Please repeat the entire listing verbatim and keep the pictures out.

[[ INFORMATION SUPPLIED, beginning ]]

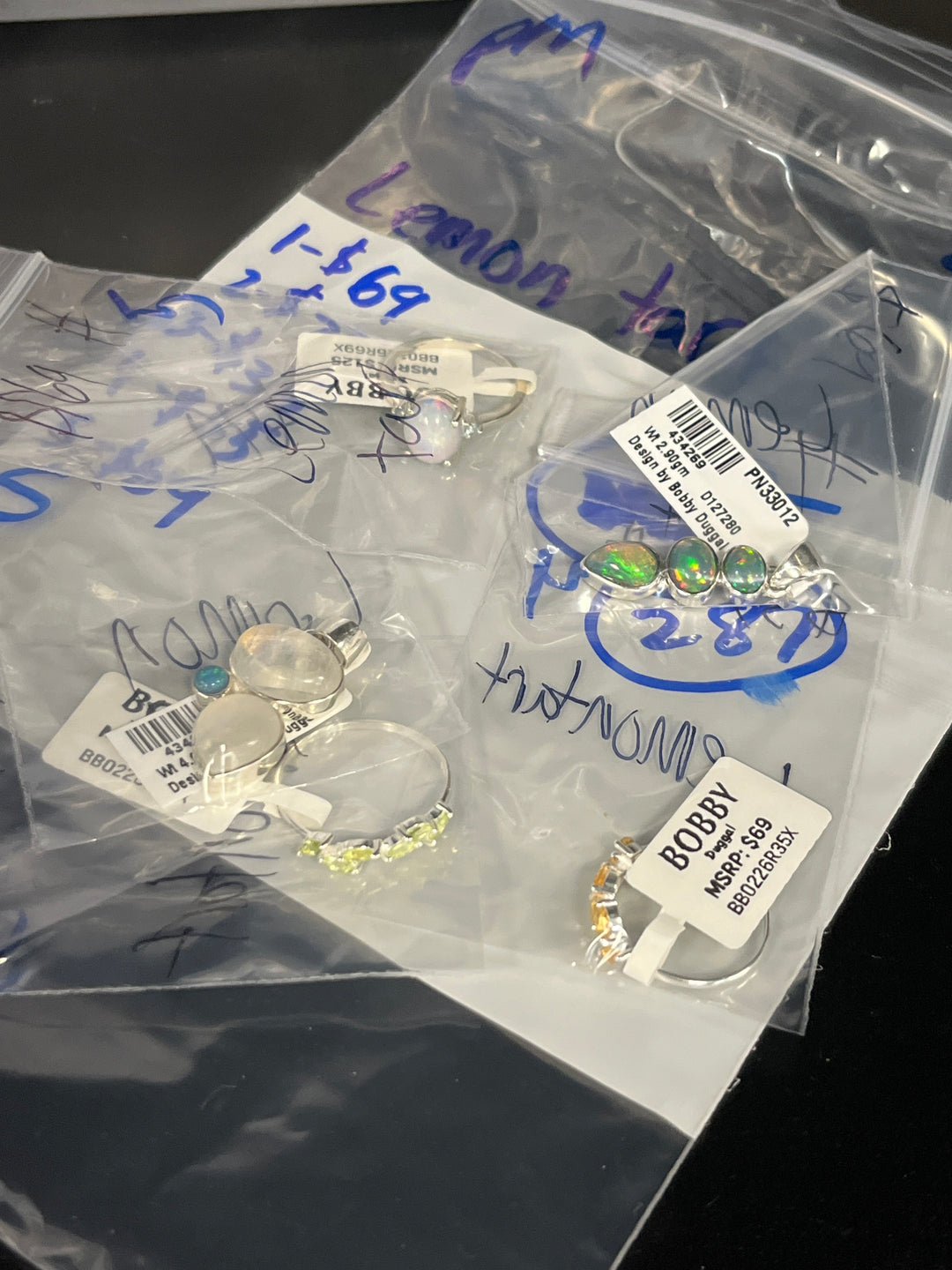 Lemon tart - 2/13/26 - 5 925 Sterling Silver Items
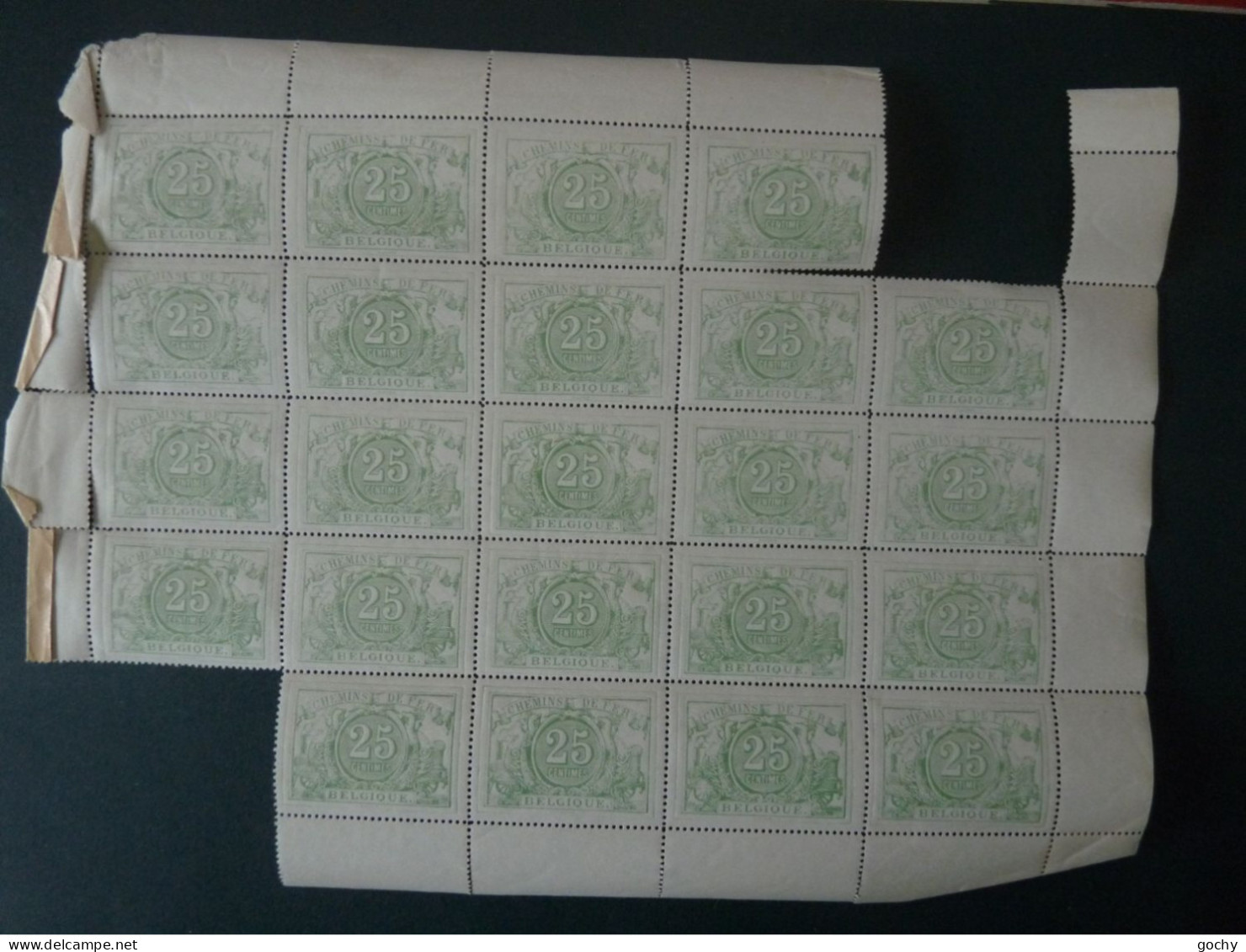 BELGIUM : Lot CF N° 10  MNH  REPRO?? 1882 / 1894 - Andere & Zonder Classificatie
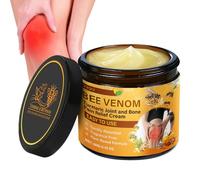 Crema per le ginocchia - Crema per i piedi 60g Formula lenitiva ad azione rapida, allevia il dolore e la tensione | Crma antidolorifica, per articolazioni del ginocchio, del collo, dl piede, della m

[[ INFORMATION SUPPLIED, end ]]

_TASK SOLUTION_:
 Lemon tart - 2/13/26 - 5 925 Sterling Silver Items
 BELGIUM : Lot CF N° 10  MNH  REPRO?? 1882 / 1894 - Andere & Zonder Classificatie
 Crema per le ginocchia - Crema per i piedi 60g Formula lenitiva ad azione rapida, allevia il dolore e la tensione | Crma antidolorifica, per articolazioni del ginocchio, del collo, dl piede, della m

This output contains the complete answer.